Her kıta ve her coğrafyada kutlanan bu özel günde biz çiftçiler içinde yer aldığımız iklim kuşağının özelliği itibarıyla kutlamaya, nümayişe zaman ayıramayacağımız, çiftimizin, çubuğumuzun başında en iyi bildiğimiz iş olan, üretmek için emek sarf ederek, kimimiz traktör üstünde, kimimiz çapada, kimimiz hasatta, kimimiz hayvanlarımızın başında, kimimiz yaylımda, merada ama her halükarda asli işimizle meşgul vaziyette bugünü kutlayacağız. Daha çok üretmek, daha çok üreterek ülkemizin evlatlarının elindeki lokmanın azalmaması için her zamanki gibi çalışarak bugünü de diğer günlerden farksız tamamlayacağız.

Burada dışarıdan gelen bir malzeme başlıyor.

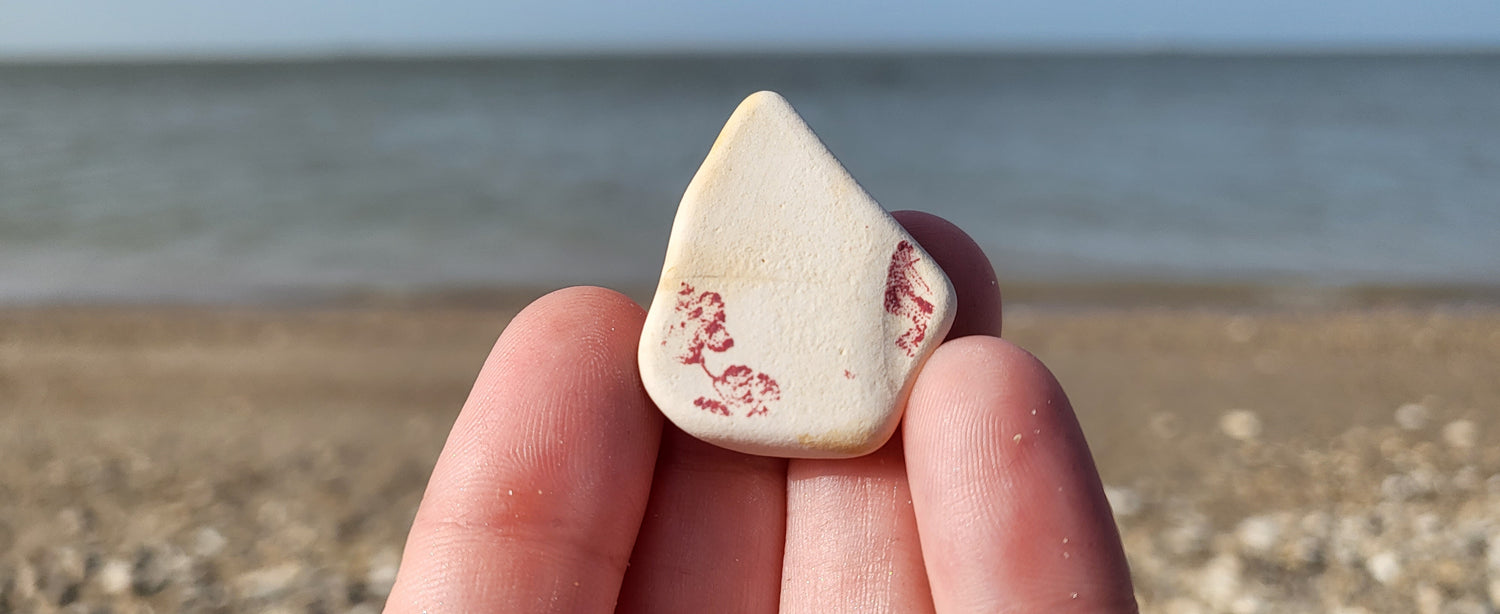 white sea pottery with faded red flowers on the corner. sand and ocean beach in background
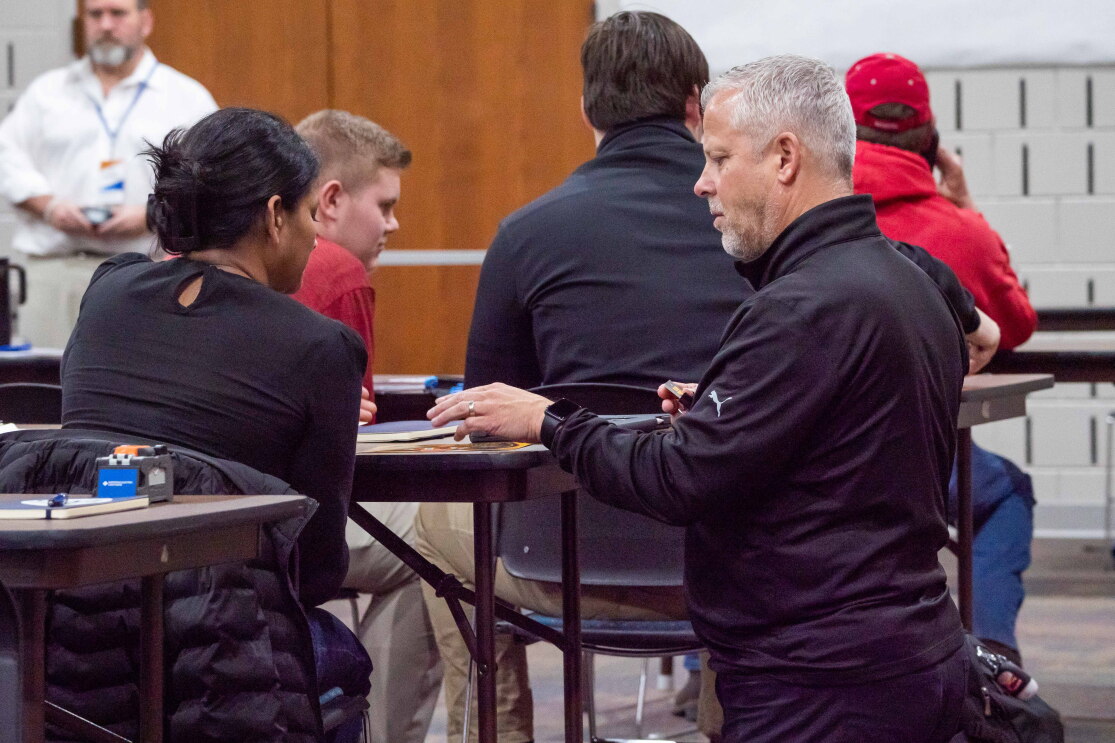 Craig Mathes, VP of Safety and Human Resources at Team Fishel, kneeling and helping a student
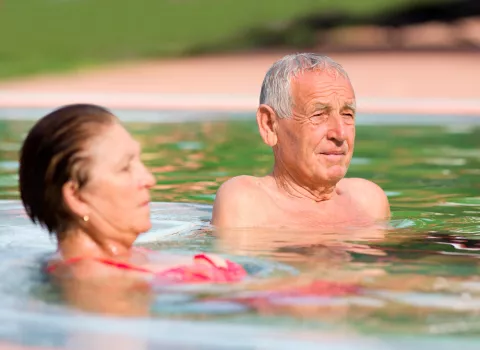 Personas mayores tomando un baño en agua de mar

Bu özel günde, ülkemizin dününde ve bugününde izi olan, kalkınma hamlemizde, müreffeh ve zengin bir Türkiye iddiasının kuvveden fiile geçirilmesinde, muasır medeniyetlerle aynı seviyeye ulaşmak için millet olarak verdiğimiz mücadelede ürettiği ve üreterek ülke ekonomisine verdiği katkı ile mührü olan Türk çiftçisi olarak, tarlada, tapanda gösterdiğimiz gayretin hem ülkemizin bugünü hem de yarınları için hayati önemde olduğunu biliyoruz. Ancak bizim arazide, tarlada, merada gösterdiğimiz gayretin ve ürettiklerimizin millet olarak zenginliğimize zenginlik katabilmesi için bugünün girift ilişkilerle örülmüş ekonomik düzeninde tek başına yeterli olmadığını da biliyoruz. Ürün ve tarımsal üretim konusunda sergilediği başarı tarihimiz özellikle de yakın ekonomi tarihimizle ispatlı olan Türk çiftçisi olarak bugün vesilesiyle beklentimiz, sergilenecek irade ile bizim gayretimizin ve üretme çabamızın desteklenmesidir.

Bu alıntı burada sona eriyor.